TEMPO.CO, Jakarta - Ekonom senior Institute for Development of Economics and Finance atau Indef, Nawir Messi mengatakan untuk lepas dari jebakan middle income trap atau jebakan kelas menengah, pemerintah perlu melakukan perbaikan fundamental. Salah satunya dengan mendorong pertumbuhan jumlah investasi yang masuk untuk bisa mempercepat pertumbuhan ekonomi.
Baca: Ekonom: Sektor Ritel Terus Tumbuh di Sepanjang 2019
"Saya hitung kalau ingin keluar dari jebakan middle income trap, maka butuh investasi berapa? Pada tingkat pertumbuhan 6 persen misalnya, kita butuhkan lonjakan investasi sekitar 14 persen, kalau 7,5 persen untuk keluar dari perangka kita butuhkan 43 persen," kata Nawir di Jakarta, Kamis 7 Februari 2019.
Badan Pusat Statistik atau BPS sebelumnya mengumumkan bahwa rata-rata pendapatan orang Indonesia mencapai Rp 56 juta atau US$ 3.927 per tahun. Angka ini tercatat naik sebesar 7,92 persen dari 2017 yang mencapai Rp 51,89 juta atau US$ 3.876,8 per tahun. Dengan tingkat rata-rata pendapatan itu, Indonesia bisa dikatakan telah masuk ke dalam negara yang memiliki pendapatan menegah ke atas.
Hal ini didasarkan pada kategori yang dibuat oleh Bank Dunia. Dalam kategori tersebut, sebuah negara bisa dikatakan masuk dalam berpendapatan menengah ke atas jika memiliki pendapatan rata-rata mencapai US$ 3.896 - US$ 12.055 per tahun. Sedangkan untuk negara maju, pendapatan rata-ratanya harus berada di atas US$ 12.056 per tahun.
Dengan asumsi yang sama, kata Nawir, angka pertumbuhan ekonomi sebesar 7,5 persen itu setidaknya harus dijaga hingga 2030 untuk bisa lepas dari jebakan negara dengan label jebakan kelas menengah. Tentu saja, perkara meningkatkan investasi hingga 43 persen itu bukanlah hal yang mudah.
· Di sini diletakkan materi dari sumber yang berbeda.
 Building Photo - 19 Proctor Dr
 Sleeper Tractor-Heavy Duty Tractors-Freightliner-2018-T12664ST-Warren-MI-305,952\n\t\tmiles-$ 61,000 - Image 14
Apalagi ditengah kondisi tahun politik dan juga masih melambatnya pertumbuhan investasi saat ini. Badan Koordinasi Penanaman Modal mengumumkan bahwa investasi hanya tumbuh 4 persen sepanjang 2018. Akibatnya target realisasi pencapaian investasi sepanjang 2018 tak mencapai target.
Realisasi investasi Penanaman Modal Dalam Negeri (PMDN) dan Penanaman Modal Asing (PMA) sepanjang tahun lalu hanya mencapai Rp 721,3 triliun alias sekitar 94 persen dari target. Apabila dirinci, total realisasi investasi PMDN mencapai Rp 328,6 triliun atau naik 25,3 persen. Sedangkan realisasi investasi PMA adalah sebesar Rp 392,7 triliun, turun 8,8 persen dibandingkan realisasi investasi tahun sebelumyan.
"Karena itu, pertumbuhan investasi yang sampai 43 persen itu sangat berat, dibutuhkan reformasi yang mendasar di sisi supply bukan hanya demand," kata Nawir.
Nawir mengatakan, dengan momentum tahun politik atau pemilihan presiden (Pilpres), siapapun pemimpin politik yang berkuasa tak lagi punya banyak pilihan. Sebab, tingkat investasi merupakan salah satu dari tiga faktor besar yang menopang tingkat pertumbuhan ekonomi domestik. "Saya tidak tahu, siapapun presiden terpilihnya nanti apakah bisa mencapai angka 43 persen ini. Sebab ini memang tugas berat," kata Nawir.